- _Requirement_
There is a line below that contains "Vintage 80’s Simplicity". Please reproduce it and all following lines exactly, through the final one.

- _Supplied records_
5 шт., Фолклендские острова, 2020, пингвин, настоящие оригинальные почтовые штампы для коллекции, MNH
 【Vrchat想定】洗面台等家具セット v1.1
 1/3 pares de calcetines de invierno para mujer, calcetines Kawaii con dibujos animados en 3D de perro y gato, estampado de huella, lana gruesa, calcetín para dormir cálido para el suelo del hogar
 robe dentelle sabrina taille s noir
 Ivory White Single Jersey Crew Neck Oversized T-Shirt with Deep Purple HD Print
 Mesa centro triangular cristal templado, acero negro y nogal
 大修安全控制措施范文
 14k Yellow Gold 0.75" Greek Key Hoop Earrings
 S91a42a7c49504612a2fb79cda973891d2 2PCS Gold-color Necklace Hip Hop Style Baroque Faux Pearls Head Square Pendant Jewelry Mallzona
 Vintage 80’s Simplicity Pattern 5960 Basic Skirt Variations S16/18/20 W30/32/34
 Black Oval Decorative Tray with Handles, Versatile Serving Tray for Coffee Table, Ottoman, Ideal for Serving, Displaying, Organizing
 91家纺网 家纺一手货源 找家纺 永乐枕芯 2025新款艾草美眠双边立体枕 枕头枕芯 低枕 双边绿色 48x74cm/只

- _Expected answer_
 Vintage 80’s Simplicity Pattern 5960 Basic Skirt Variations S16/18/20 W30/32/34
 Black Oval Decorative Tray with Handles, Versatile Serving Tray for Coffee Table, Ottoman, Ideal for Serving, Displaying, Organizing
 91家纺网 家纺一手货源 找家纺 永乐枕芯 2025新款艾草美眠双边立体枕 枕头枕芯 低枕 双边绿色 48x74cm/只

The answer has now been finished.